*EXERCISE GOAL*: Your task is to repeat exactly the lines from the one with "Dane telefonu ! Unikalne M99i Dane" through the end of the records, both included; please leave the pictures out.

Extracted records
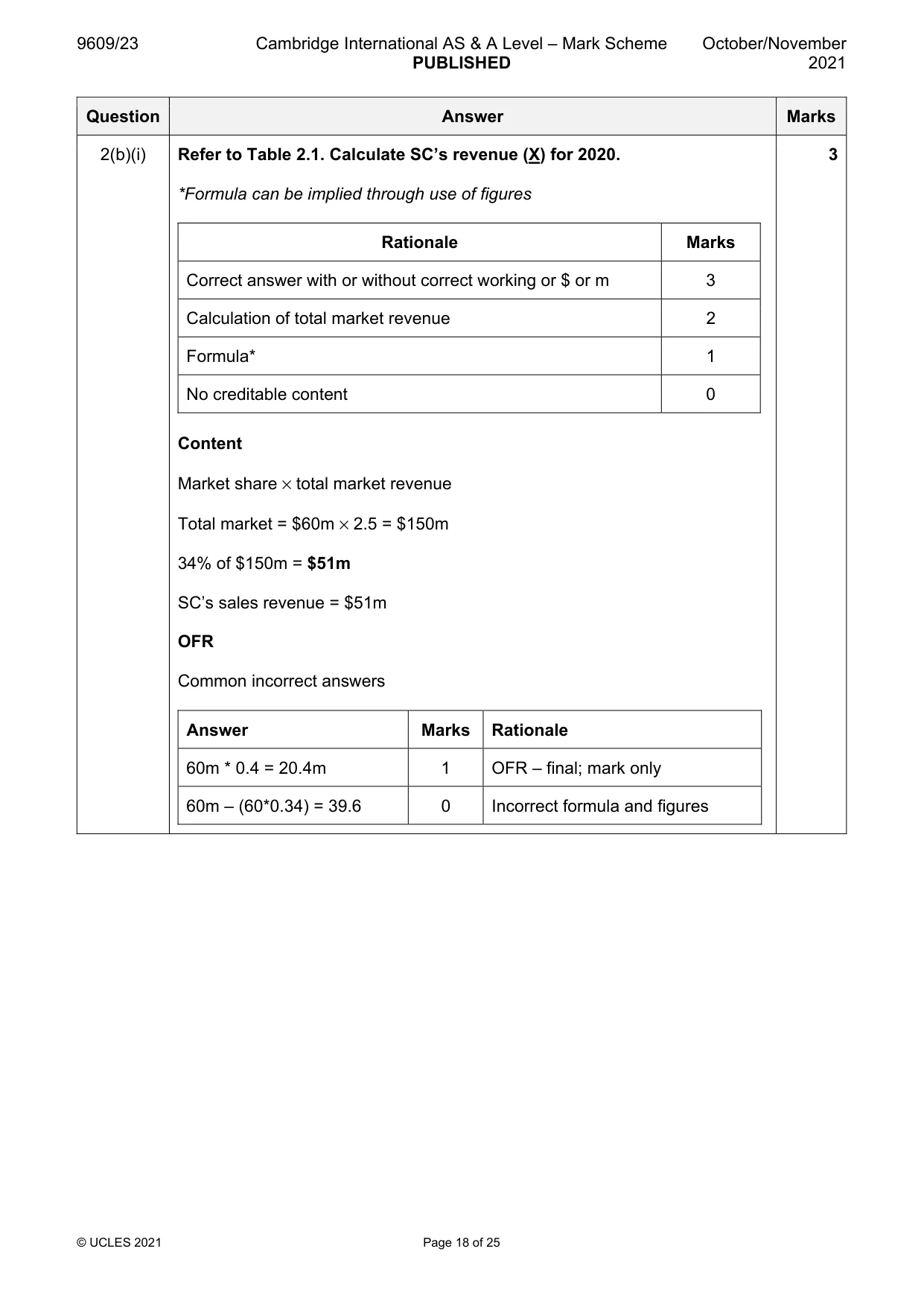 Mark scheme, page 18 of 25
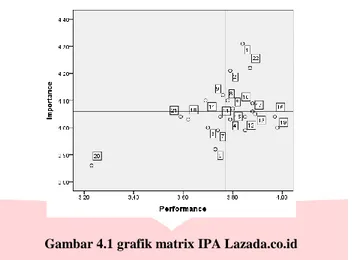 Gambar 4.1 grafik matrix IPA Lazada.co.id 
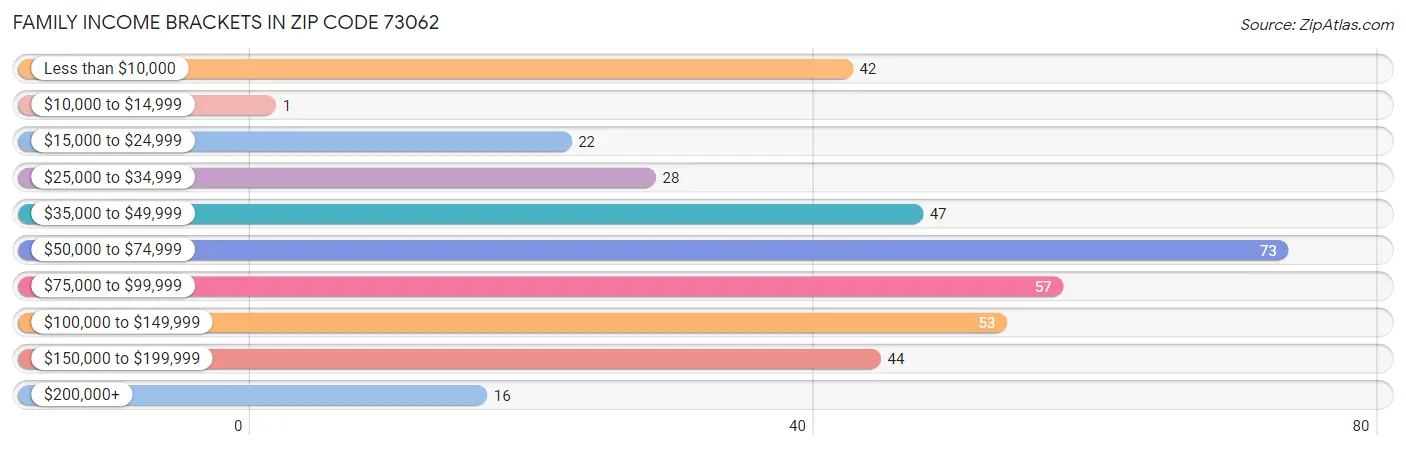 Family Income Brackets in Zip Code 73062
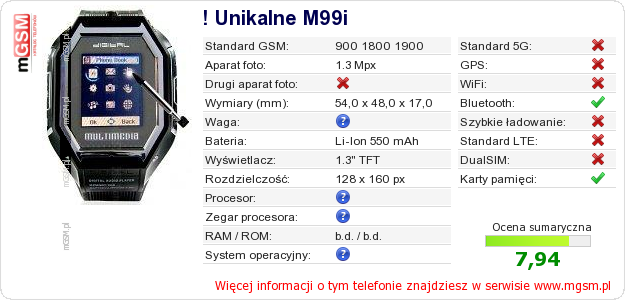 Dane telefonu ! Unikalne M99i Dane telefonu ! Unikalne M99i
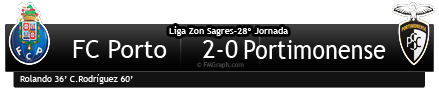 [FM2011]FC Porto, a vencer desde 1893! - Página 3 28Jornada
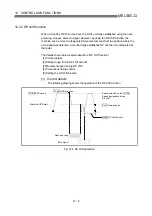 Preview for 565 page of Mitsubishi Electric QD75MH1 User Manual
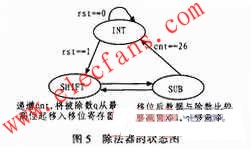 开关电容滤波器（SCF）的选型及研究开发,第8张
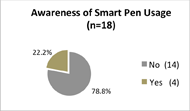 The data shows that 14 of the 18 academic staff surveyed (78.8%) were not aware that students with disabilities were using digital smart pens in their lectures. 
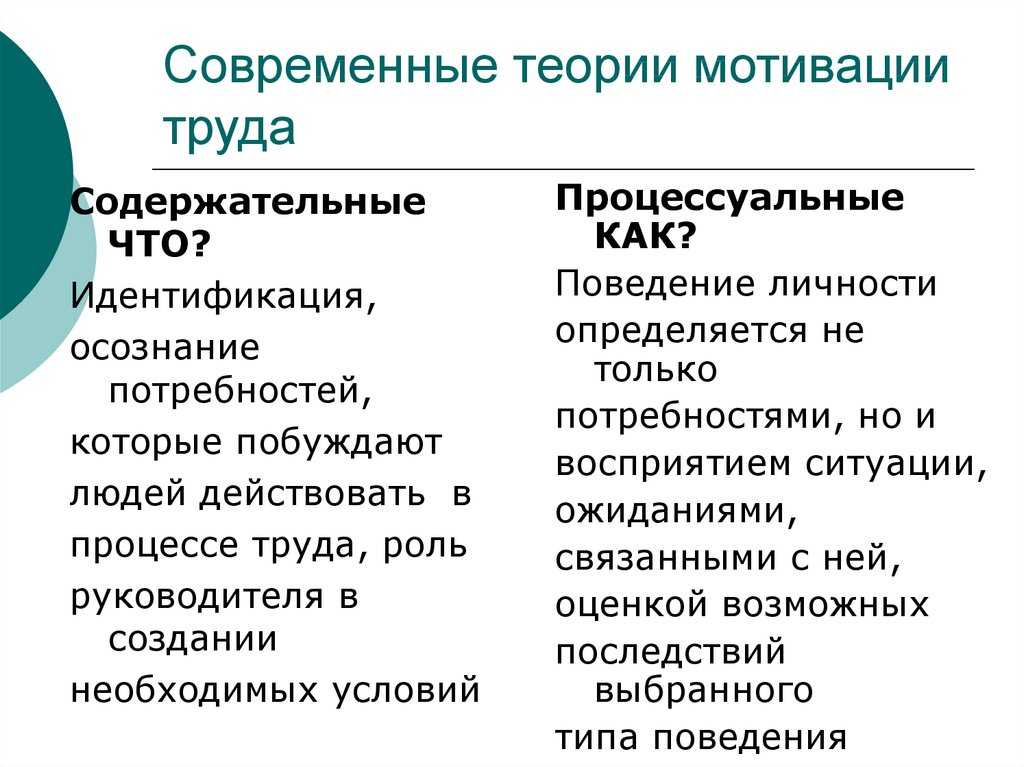 Теории мотивации в менеджменте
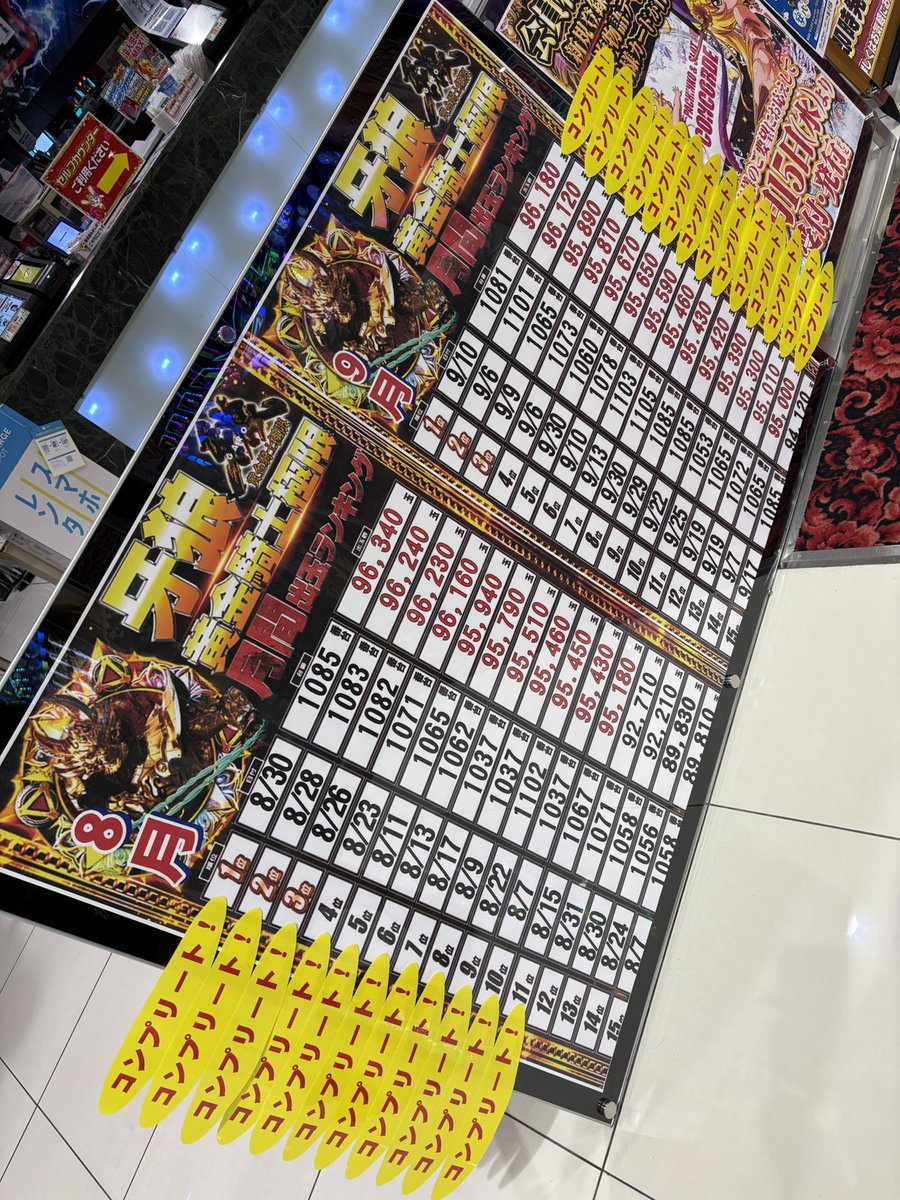 りちゃのすけ on X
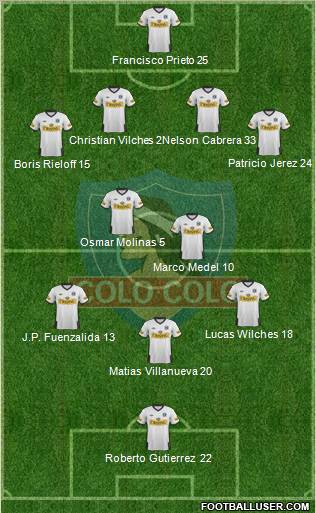 CSD Colo Colo Formation 2011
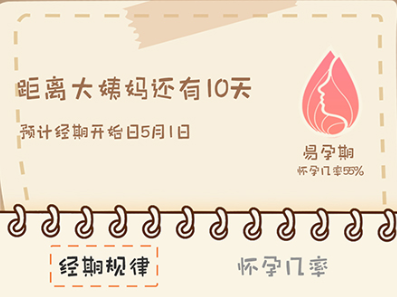 2022好用的月经推算软件有哪些 好用的月经推算软件推荐截图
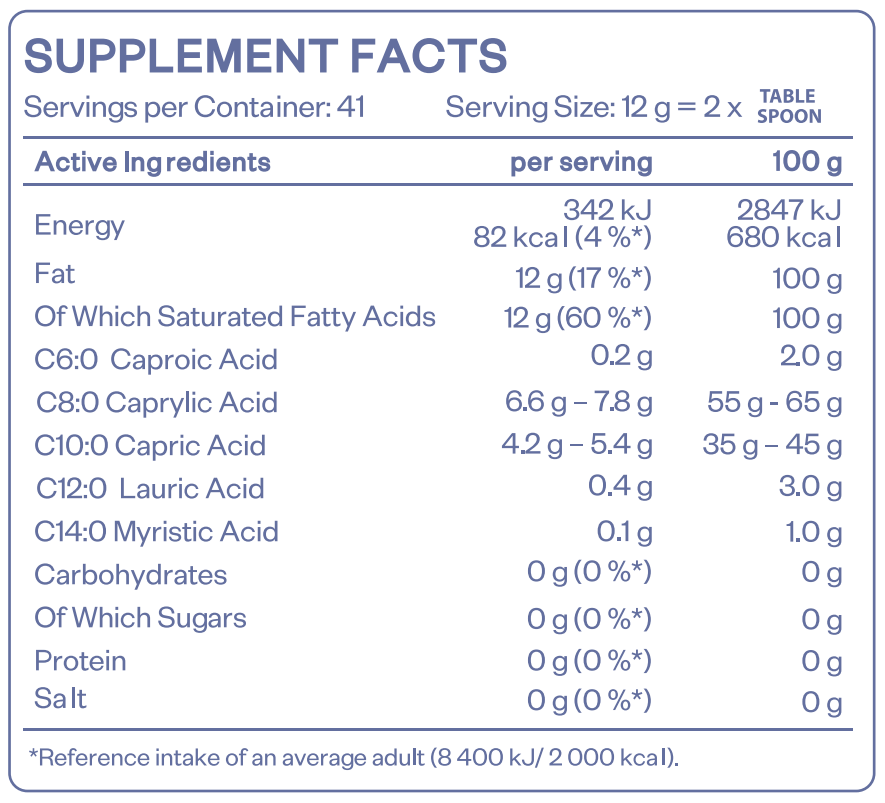MCT OIL POWDER - 200 g - Feel You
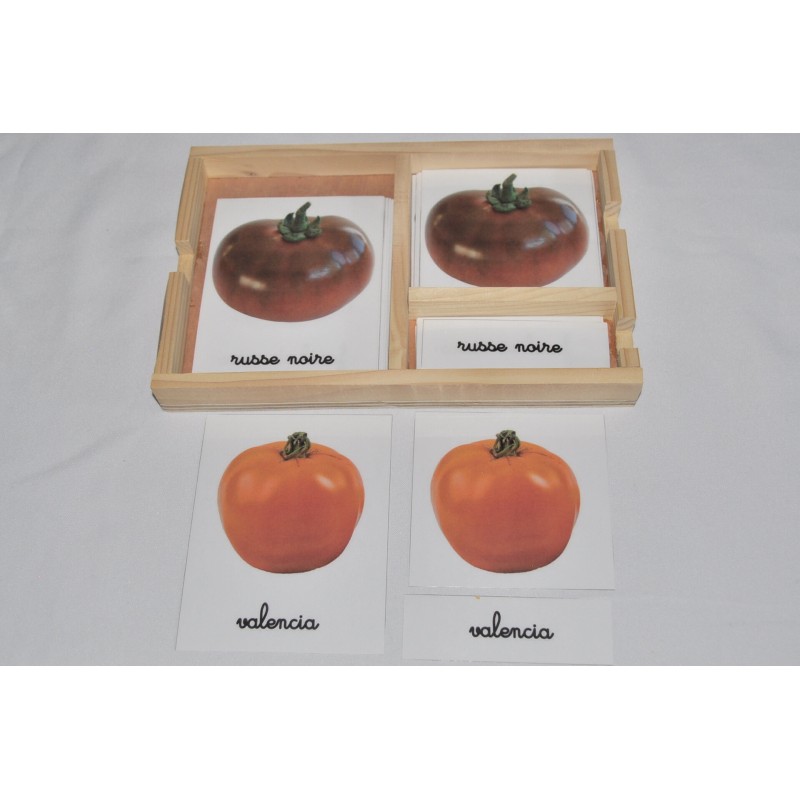 Cartes de nomenclatures les tomates en 3 parties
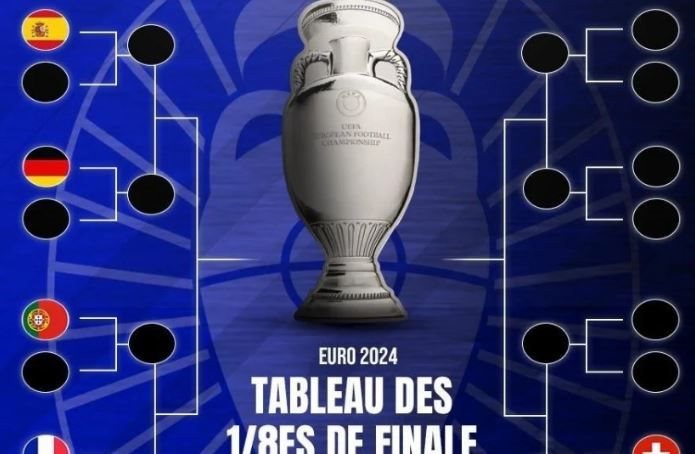 Vòng 1/8 Euro 2024: Pháp rơi vào nhánh đấu "tử thần"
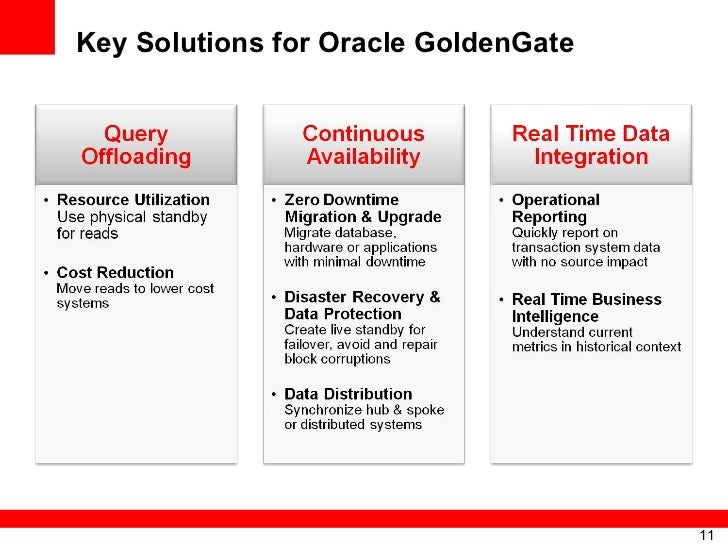 to query how redo logs standby Oracle GoldenGate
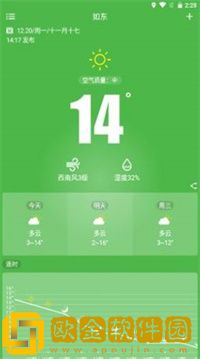 如东天气预报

*SOLUTION FOR THIS PROBLEM*:
 Dane telefonu ! Unikalne M99i Dane telefonu ! Unikalne M99i
 [FM2011]FC Porto, a vencer desde 1893! - Página 3 28Jornada
 Preview for 565 page of Mitsubishi Electric QD75MH1 User Manual
 开关电容滤波器（SCF）的选型及研究开发,第8张
 The data shows that 14 of the 18 academic staff surveyed (78.8%) were not aware that students with disabilities were using digital smart pens in their lectures. 
 Теории мотивации в менеджменте
 りちゃのすけ on X
 CSD Colo Colo Formation 2011
 2022好用的月经推算软件有哪些 好用的月经推算软件推荐截图
MCT OIL POWDER - 200 g - Feel You
 Cartes de nomenclatures les tomates en 3 parties
 Vòng 1/8 Euro 2024: Pháp rơi vào nhánh đấu "tử thần"
 to query how redo logs standby Oracle GoldenGate
 如东天气预报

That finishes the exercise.